Since in MongoDB http://docs.mongodb.org/manual/core/data-modeling-introduction/, documents can be referenced as well, I can not get the difference between linking documents or referencing them.
The goal of Document Oriented databases is to reduce "Impedance Mismatch" which is the degree to which data is split up to match some sort of database schema from the actual objects residing in memory at runtime. By using a document, the entire object is serialized to disk without the need to split things up across multiple tables and join them back together when retrieved.
That being said, a linked document is the same as a referenced document. They are simply two ways of saying the same thing. How those links are resolved at query time vary from one database implementation to another.
That being said, an embedded document is simply the act of storing an object type that somehow relates to a parent type, inside the parent.

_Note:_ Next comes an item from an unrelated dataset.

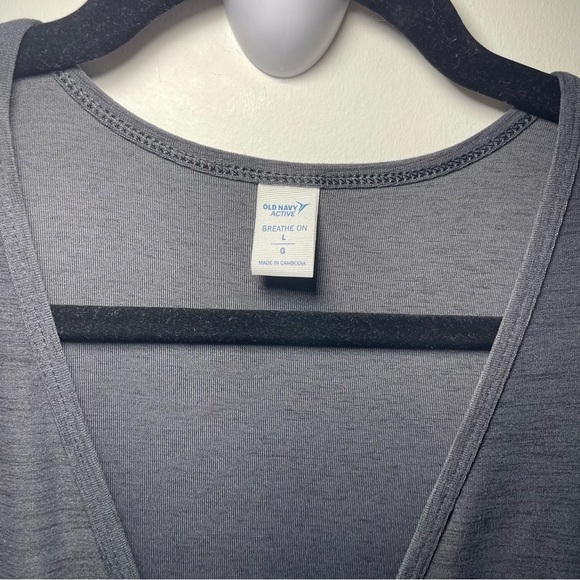 Old Navy Active Breathe ON Sleeveless heathered Black Loungewear Jumpsuit Size L - Picture 5 of 7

For example, I have a class as follows:
class User
{
string Name
List<Achievement> Achievements
}
Where Achievement is an arbitrary class (its contents don't matter for this example).
If I were to save this using linked documents, I would save User in a Users collection and Achievement in an Achievements collection with the List of Achievements for the user being links to the Achievement objects in the Achievements collection. This requires some sort of joining procedure to happen in the database engine itself. However, if you use embedded documents, you would simply save User in a Users collection where Achievements is inside the User document.
A JSON representation of the data for an embedded document would look (roughly) like this:
{
"name":"John Q Taxpayer",
"achievements":
[
{
"name":"High Score",
"point":10000
},
{
"name":"Low Score",
"point":-10000
}
]
}
Whereas a linked document might look something like this:
{
"name":"John Q Taxpayer",
"achievements":
[
"somelink1", "somelink2"
]
}
Inside an Achievements Collection
{
"somelink1":
{
"name":"High Score",
"point":10000
}
"somelink2":
{
"name":"High Score",
"point":10000
}
}
Keep in mind these are just approximate representations.
So to summarize, linked documents function much like RDBMS PK/FK relationships. This allows multiple documents in one collection to reference a single document in another collection, which can help with deduplication of data stored. However it adds a layer of complexity requiring the database engine to make multiple disk I/O calls to form the final document to be returned to user code. An embedded document more closely matches the object in memory, this reduces Impedance Mismatch and (in theory) reduces the number of disk I/O calls.
You can read up on Impedance Mismatch here: http://en.wikipedia.org/wiki/Object-relational_impedance_mismatch
UPDATE
I should add, that choosing the right database to implement for your needs is very important from the start. If you have a lot of questions about each database, it might make sense to contact each supplier and get some of their training material. MongoDB offers 2 free courses you can take to learn more about their product and best uses at MongoDB University. OrientDB does offer training, however it is not free. It might be best to try contacting them directly and getting some sort of pre-sales training (if you are looking to license the db), usually they will put you in touch with some sort of pre-sales consultant to help you evaluate their product.
MongoDB works like RDBMS where the object id is like a foreign key. This means a "JOIN" that is run-time expensive. OrientDB, instead, has direct links that are created only once and have a very low run-time cost.